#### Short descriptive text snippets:
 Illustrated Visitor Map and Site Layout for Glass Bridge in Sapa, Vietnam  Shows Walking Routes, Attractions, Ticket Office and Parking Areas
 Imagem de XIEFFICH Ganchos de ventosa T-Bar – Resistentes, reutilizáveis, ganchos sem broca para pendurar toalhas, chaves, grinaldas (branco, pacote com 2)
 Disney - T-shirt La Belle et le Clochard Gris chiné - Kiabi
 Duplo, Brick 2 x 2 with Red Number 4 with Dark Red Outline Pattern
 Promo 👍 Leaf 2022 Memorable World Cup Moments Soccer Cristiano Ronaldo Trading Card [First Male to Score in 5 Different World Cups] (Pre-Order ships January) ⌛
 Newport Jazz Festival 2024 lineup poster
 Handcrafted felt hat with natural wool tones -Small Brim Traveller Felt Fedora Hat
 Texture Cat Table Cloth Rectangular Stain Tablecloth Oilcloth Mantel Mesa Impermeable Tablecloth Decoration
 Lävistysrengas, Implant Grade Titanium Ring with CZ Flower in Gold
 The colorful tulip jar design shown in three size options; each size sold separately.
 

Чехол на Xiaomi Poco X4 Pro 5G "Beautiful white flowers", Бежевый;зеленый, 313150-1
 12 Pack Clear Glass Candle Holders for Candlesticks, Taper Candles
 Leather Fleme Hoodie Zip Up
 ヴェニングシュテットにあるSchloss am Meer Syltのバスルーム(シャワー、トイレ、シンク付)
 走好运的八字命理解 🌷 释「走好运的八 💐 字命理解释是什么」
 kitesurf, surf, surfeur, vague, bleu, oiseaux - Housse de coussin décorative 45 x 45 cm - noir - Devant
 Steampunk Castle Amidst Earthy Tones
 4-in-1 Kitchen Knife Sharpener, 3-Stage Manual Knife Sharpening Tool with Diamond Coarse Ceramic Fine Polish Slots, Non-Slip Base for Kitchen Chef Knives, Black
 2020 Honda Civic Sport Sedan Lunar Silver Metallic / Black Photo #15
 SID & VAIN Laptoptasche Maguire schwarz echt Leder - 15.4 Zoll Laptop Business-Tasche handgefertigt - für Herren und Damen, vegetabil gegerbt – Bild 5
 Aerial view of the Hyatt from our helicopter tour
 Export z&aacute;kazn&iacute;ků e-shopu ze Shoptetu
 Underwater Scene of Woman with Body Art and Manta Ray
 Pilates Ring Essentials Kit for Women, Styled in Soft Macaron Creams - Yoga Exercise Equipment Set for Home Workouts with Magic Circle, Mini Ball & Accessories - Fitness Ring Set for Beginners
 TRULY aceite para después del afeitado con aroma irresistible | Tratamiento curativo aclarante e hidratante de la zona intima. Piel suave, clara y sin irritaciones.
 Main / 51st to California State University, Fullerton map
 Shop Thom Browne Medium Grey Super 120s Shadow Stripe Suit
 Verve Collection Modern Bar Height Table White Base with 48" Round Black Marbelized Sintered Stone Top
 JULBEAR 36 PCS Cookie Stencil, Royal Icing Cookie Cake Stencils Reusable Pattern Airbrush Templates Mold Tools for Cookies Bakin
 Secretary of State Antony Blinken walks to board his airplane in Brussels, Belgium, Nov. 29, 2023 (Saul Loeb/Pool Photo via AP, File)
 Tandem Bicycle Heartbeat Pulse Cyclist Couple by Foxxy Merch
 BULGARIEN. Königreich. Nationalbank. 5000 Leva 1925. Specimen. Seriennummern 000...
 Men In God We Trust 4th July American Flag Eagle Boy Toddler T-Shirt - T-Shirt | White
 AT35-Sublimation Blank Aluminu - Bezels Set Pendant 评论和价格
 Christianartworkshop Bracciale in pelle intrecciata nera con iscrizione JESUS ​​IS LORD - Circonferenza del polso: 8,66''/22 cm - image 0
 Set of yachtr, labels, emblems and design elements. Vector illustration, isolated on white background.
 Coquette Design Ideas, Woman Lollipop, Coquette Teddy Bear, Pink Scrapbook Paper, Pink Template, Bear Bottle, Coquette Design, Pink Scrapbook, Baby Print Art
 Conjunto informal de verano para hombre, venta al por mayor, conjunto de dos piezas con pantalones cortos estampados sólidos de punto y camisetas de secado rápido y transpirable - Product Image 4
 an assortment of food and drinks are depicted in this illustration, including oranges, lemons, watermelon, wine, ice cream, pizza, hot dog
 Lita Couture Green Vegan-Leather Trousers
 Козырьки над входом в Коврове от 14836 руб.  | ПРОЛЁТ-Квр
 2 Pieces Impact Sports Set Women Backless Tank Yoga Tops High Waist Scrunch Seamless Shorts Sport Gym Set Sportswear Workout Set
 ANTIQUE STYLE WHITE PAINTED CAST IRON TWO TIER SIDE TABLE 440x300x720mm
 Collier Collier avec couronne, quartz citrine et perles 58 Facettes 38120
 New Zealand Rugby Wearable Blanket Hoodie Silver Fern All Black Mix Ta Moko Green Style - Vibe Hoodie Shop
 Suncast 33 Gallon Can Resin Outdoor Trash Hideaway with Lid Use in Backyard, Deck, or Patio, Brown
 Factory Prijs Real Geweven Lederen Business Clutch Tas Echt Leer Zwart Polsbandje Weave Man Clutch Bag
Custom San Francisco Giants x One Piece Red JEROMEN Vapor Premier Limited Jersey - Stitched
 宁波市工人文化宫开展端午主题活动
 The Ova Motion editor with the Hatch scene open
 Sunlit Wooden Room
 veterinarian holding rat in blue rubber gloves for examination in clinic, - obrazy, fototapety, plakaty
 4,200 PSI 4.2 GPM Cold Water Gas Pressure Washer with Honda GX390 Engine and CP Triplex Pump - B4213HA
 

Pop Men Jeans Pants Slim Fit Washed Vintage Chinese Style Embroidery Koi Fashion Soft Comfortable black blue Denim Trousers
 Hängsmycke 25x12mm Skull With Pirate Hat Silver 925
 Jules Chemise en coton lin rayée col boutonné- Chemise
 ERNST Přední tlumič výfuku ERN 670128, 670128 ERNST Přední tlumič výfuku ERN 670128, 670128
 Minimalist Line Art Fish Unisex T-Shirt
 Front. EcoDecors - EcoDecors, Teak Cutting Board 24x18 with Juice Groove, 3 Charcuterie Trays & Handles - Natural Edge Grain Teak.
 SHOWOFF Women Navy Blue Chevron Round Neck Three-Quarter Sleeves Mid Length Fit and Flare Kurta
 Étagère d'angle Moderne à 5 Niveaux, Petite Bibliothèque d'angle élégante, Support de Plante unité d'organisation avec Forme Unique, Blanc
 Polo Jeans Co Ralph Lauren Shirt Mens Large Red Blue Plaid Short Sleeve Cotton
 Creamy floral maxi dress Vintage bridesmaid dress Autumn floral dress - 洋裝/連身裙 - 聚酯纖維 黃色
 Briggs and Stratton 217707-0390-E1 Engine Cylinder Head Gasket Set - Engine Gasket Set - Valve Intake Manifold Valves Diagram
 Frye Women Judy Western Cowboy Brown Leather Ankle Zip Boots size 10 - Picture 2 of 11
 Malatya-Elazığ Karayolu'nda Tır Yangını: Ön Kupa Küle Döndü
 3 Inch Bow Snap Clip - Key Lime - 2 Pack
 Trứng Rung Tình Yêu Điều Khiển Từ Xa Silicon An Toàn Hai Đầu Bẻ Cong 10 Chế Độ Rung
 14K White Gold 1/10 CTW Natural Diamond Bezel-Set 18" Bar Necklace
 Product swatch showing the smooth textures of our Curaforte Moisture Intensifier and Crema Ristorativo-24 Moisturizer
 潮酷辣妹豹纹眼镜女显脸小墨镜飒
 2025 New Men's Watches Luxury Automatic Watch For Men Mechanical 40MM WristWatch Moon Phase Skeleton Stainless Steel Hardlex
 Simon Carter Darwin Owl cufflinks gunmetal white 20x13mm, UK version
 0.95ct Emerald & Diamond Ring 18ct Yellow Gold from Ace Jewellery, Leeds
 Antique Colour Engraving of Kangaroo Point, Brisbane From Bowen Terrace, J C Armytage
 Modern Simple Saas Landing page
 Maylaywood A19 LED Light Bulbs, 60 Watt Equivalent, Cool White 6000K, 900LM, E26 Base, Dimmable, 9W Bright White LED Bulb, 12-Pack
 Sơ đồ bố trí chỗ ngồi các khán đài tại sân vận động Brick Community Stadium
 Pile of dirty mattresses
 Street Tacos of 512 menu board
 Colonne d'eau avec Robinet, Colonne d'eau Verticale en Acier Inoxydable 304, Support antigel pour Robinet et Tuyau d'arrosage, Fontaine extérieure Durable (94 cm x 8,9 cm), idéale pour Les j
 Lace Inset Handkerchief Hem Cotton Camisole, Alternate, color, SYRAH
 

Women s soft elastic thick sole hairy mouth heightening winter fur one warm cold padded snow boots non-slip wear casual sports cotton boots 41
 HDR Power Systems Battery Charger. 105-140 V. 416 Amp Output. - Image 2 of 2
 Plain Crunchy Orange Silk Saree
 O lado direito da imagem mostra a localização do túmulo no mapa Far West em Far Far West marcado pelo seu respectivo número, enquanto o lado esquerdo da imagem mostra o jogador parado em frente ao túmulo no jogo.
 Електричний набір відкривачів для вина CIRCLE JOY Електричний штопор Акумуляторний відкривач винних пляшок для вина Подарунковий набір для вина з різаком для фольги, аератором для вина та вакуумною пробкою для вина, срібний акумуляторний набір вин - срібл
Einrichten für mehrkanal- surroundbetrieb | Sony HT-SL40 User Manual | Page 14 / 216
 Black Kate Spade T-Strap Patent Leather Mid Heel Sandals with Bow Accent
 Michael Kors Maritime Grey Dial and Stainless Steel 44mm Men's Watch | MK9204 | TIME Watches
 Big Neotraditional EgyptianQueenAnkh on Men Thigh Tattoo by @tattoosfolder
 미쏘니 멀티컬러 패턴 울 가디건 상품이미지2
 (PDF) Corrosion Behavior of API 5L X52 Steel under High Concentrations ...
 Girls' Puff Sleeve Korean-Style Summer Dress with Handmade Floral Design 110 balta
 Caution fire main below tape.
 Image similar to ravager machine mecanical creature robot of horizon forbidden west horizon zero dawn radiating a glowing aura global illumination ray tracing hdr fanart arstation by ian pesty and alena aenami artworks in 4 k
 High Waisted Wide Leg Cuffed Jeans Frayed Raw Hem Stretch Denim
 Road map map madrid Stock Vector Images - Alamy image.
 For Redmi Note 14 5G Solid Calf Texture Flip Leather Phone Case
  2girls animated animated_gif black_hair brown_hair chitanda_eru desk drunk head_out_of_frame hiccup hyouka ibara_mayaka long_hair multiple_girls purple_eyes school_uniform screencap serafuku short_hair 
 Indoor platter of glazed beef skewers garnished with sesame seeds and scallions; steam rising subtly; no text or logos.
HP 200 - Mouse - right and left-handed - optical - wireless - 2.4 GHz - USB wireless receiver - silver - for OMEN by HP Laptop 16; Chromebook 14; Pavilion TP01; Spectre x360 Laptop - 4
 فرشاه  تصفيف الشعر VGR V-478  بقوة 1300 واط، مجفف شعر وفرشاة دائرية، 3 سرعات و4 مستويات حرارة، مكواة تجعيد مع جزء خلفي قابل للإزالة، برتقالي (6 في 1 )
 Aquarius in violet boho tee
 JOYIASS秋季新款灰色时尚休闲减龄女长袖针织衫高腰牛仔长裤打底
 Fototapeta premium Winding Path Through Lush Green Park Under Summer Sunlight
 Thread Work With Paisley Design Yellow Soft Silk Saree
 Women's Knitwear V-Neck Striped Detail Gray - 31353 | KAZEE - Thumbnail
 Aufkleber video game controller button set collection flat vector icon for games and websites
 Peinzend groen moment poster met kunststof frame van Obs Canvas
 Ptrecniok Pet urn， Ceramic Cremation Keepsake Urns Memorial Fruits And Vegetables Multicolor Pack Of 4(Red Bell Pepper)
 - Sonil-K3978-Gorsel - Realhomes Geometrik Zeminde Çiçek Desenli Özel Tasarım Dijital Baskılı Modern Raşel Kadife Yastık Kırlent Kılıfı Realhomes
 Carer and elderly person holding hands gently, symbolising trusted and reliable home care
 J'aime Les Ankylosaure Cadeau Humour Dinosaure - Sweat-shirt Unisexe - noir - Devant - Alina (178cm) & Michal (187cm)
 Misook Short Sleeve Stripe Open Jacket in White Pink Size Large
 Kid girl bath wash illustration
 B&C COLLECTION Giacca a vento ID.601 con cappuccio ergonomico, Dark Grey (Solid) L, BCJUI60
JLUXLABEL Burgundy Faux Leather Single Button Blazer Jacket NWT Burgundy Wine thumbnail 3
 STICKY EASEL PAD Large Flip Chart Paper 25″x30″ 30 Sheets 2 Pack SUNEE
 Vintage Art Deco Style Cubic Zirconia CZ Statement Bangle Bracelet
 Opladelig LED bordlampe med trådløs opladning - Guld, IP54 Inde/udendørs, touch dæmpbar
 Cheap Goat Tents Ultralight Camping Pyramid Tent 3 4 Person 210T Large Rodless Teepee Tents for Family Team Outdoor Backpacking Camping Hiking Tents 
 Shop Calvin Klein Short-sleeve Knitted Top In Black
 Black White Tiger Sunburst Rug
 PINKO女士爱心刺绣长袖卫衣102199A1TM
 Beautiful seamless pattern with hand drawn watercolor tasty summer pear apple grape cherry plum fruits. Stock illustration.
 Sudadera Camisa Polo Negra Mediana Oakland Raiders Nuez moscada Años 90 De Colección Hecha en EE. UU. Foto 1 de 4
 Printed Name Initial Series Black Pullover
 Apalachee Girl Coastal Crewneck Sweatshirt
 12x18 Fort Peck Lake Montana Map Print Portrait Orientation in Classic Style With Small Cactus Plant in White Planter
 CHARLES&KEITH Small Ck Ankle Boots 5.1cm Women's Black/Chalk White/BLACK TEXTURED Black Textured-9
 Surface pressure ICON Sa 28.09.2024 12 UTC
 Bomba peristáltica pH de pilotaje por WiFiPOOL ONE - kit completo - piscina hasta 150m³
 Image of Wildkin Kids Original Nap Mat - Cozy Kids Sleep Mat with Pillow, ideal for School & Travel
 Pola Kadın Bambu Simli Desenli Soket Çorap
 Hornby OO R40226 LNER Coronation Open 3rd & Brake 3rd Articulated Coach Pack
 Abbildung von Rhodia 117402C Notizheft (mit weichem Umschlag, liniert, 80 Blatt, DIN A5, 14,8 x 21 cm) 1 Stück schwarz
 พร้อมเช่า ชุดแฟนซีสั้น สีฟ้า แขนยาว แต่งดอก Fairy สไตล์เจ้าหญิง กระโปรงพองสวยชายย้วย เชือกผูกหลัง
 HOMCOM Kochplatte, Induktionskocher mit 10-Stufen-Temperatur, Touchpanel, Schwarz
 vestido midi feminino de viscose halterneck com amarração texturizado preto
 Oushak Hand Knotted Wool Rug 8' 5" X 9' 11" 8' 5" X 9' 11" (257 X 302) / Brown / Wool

#### DIRECTIONS FOR THIS TASK:
Given the records above, return exactly the lines starting at the line containing "Sudadera Camisa Polo" and ending at the line containing "CHARLES&KEITH Small Ck", including both.

#### ANSWER TO THIS PROBLEM:
 Sudadera Camisa Polo Negra Mediana Oakland Raiders Nuez moscada Años 90 De Colección Hecha en EE. UU. Foto 1 de 4
 Printed Name Initial Series Black Pullover
 Apalachee Girl Coastal Crewneck Sweatshirt
 12x18 Fort Peck Lake Montana Map Print Portrait Orientation in Classic Style With Small Cactus Plant in White Planter
 CHARLES&KEITH Small Ck Ankle Boots 5.1cm Women's Black/Chalk White/BLACK TEXTURED Black Textured-9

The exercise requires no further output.